# Smoking Eagles Kids Q 2010



## wittdog (Aug 15, 2010)

The boys took 1st in Chicken 2nd in Pork Chops and were RGC at the 2010 Smoking Eagles Kids Q.  I would have been proud to serve there food anytime they did great and had a good time.
http://good-times.webshots.com/photo/27 ... good-times


----------



## Griff (Aug 15, 2010)

Congratulations to the Witt boys.


----------



## Vermin999 (Aug 15, 2010)

VERY NICE!!!!! Congrats!!!


----------



## bbquzz (Aug 15, 2010)

Congratulations gentlemen, great job!


----------



## Nick Prochilo (Aug 16, 2010)

Excellent job boys! Glad to see the apple doesn't fall to far from the tree! You doing a great job with them boys Dave!


----------



## GoodSmokeBBQ (Aug 16, 2010)

Chips off the old block!!  Congrats!!


----------



## honcho (Aug 16, 2010)

Thanks for coming BBQ Brother, It was great to see the ROCK STARS cookin again
You guys are the best


----------



## Smokey Lew (Aug 16, 2010)

Way to go!

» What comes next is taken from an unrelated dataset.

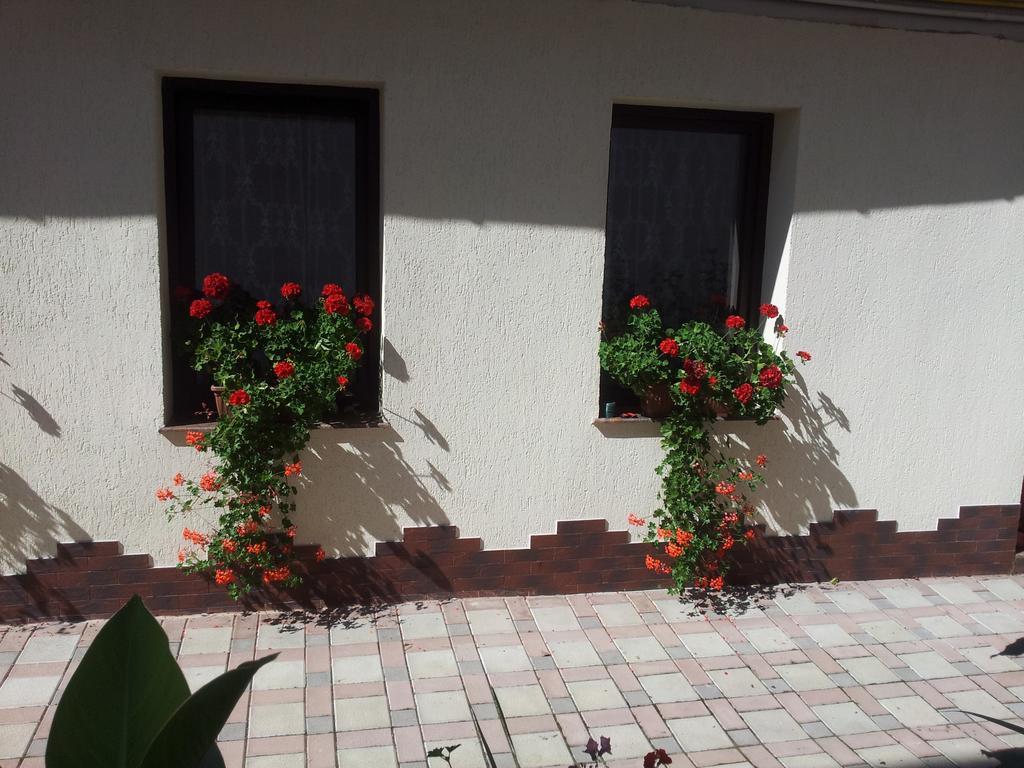 Casa Graef Lägenhet Braşov Exteriör bild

They did great.


----------



## BONE HEADS (Aug 16, 2010)

Great job guys!


----------



## Aaron1 (Aug 16, 2010)

congrats boys
A@A


----------



## Shores (Aug 18, 2010)

Nice work guys!


----------



## ScottyDaQ (Aug 18, 2010)

Congrats Wittlets!


----------



## Pigs On The Wing BBQ (Aug 24, 2010)

Guess the apple didn't fall from the tree. Great job! I can see D and MJ in the butcher shop now, picking out some fine cut's of meat.  Then doing them up while dad and mom just let them roll. too cool.  

Pigs


----------